Because the 5th Wave of computing is all about devices that communicate, Segars took attendees on a quick trip through the history of mobile communications: 2G created the ability to send text messages; 3G involved being able to load music and videos onto a device; and 4G made it possible to stream video and music, thanks to low network latency.

5G, he said, will be the biggest change of all. Network providers will no longer be thinking about the number of people or screens in the world they need to serve, but about how many things we need to connect.

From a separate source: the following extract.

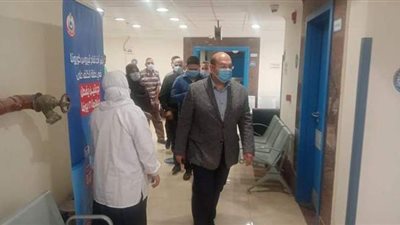 نائب محافظ الجيزة يتفقد مركز تطعيم لقاح كورونا بالصف | صور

What will this mean for the user? We’ll have to wait and see—and the waiting will take….five years.

“I’m sure in five years’ time,” Segars said, “when I look back, I will see something that relies on all these connections, on the high-capacity networks. There will be some service we just all take for granted.”

“I just don’t know what that business will be,” he adds. “The question is—who will invent it?”

Looking beyond five years into the future, Segars predicted that in 2035, one trillion intelligent devices will be connected through 5G networks.

Marcelo Claure, the COO of SoftBank and chairman of Sprint, which is owned by SoftBank, echoed that prediction and calculated that would translate into US $11 trillion in economic value created by the gadgets.

“There is a lot of money to be made,” Claure said.